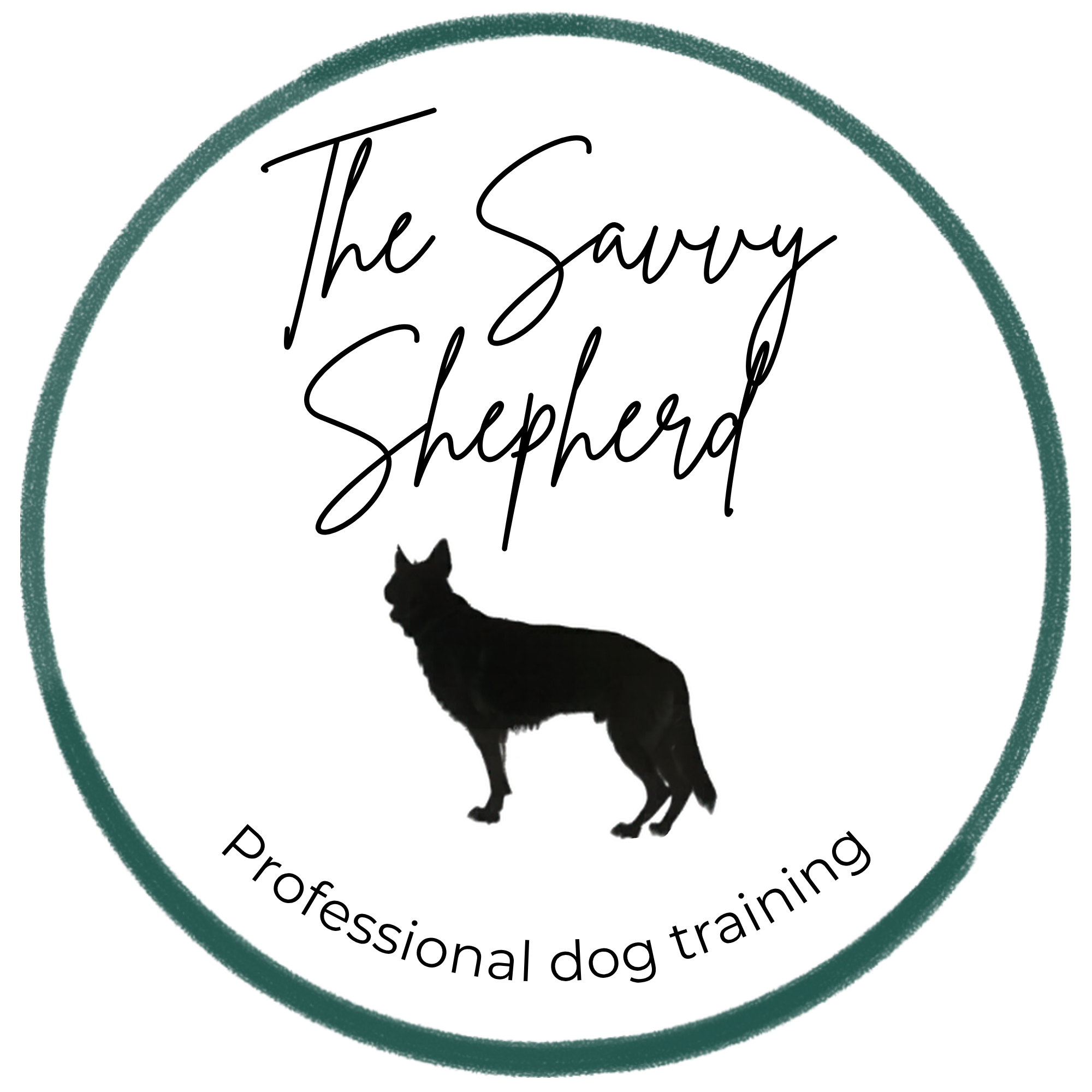 The Savvy Shepherd Logo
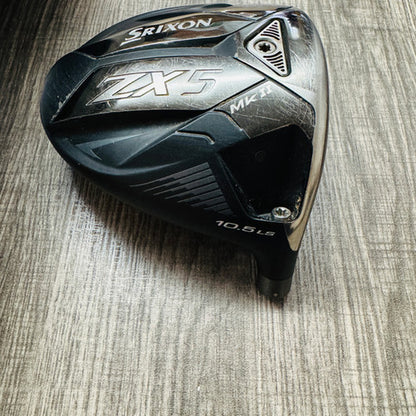 10.5° Driver Head ZX5 MK II w/ Headcover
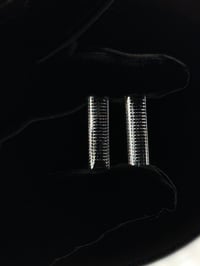 Image 2 of Solid Quartz Pillar 2 Pack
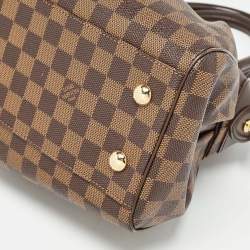 Louis Vuitton Damier Ebene Canvas Trevi PM Bag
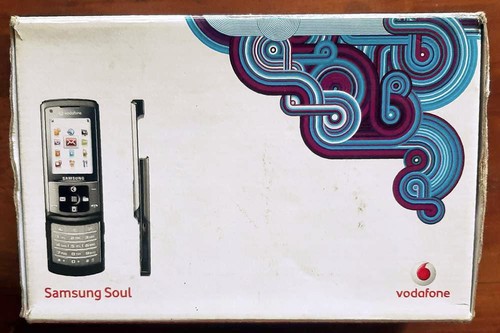 Cellulare sansung soul - soul,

____________

What you need to do: With the pictures set aside, repeat every entry above exactly.

Response below:
 The Savvy Shepherd Logo
 10.5° Driver Head ZX5 MK II w/ Headcover
 Image 2 of Solid Quartz Pillar 2 Pack
 Louis Vuitton Damier Ebene Canvas Trevi PM Bag
 Cellulare sansung soul - soul,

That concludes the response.